Концепция — один из самых прельстительных для исследователя способов организации темы. Концепция пути, как сдвоенный вектор, — привлекательна вдвойне. И не только для пишущего. Читателя она тоже вовлекает и увлекает. Особенно если это стройная концепция. Шевеленко удалось дать не только стройную концепцию, но и — в ряде отдельных толкований — образцы глубокого и точного понимания, проникновения в суть таких, к примеру, стихотворений, как «Не краской, не кистью!» и «Тоска по родине…», заигравших в ее прочтении новыми гранями смысла.

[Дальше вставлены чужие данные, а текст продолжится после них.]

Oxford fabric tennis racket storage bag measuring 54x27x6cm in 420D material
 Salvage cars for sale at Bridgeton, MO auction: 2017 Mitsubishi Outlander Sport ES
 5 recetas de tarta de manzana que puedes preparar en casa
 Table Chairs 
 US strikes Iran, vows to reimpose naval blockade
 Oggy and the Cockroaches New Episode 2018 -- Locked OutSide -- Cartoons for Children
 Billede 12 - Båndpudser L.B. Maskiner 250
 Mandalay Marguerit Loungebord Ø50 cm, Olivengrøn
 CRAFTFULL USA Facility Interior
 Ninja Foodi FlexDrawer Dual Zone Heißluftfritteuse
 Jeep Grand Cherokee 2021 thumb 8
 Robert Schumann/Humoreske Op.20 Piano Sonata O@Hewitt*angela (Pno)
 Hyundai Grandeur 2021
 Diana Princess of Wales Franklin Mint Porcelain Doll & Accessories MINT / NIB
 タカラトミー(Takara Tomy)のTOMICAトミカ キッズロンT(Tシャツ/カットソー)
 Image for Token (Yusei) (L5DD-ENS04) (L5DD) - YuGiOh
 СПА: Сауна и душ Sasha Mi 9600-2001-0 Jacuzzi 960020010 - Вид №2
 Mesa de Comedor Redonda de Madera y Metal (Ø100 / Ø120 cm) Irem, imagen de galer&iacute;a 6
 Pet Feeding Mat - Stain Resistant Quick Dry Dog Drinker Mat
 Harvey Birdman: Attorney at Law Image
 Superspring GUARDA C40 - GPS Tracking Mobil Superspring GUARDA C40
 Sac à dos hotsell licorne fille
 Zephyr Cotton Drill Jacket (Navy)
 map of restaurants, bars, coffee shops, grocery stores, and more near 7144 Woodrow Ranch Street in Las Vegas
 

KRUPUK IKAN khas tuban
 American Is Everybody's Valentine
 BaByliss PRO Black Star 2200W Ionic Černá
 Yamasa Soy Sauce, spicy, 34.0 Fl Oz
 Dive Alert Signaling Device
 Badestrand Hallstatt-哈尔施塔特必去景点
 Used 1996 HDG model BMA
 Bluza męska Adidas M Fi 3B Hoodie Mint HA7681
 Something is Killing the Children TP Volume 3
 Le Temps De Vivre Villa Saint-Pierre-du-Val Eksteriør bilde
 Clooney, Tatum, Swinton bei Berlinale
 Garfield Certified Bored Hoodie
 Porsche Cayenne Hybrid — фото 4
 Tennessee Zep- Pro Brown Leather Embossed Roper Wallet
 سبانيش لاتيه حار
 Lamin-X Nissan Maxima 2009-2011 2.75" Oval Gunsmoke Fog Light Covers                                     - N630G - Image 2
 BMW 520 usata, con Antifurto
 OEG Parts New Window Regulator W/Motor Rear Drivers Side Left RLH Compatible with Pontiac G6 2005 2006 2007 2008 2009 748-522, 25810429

В чем же «издержки», если и общая линия выведена, и конкретика «точечного» анализа состоялась? Концепция склонна к абстрагированию: она, по определению, не подробна — в этом и сила ее, и слабость. Она выводит магистральную линию всего пути; она внимательна к перевалочным пунктам, но ей дела нет до полустанков, например, до «полустанков» периода, когда писалась книга «После России», двое из четырех адресатов которой у Шевеленко попросту обойдены вниманием, как и последовательная дневниковость разворачивания лирических тем.

И второе: концепция порой завораживающе действует на своего создателя. Что, на мой взгляд, и произошло при анализе поэмы «Молодец». С него и начну.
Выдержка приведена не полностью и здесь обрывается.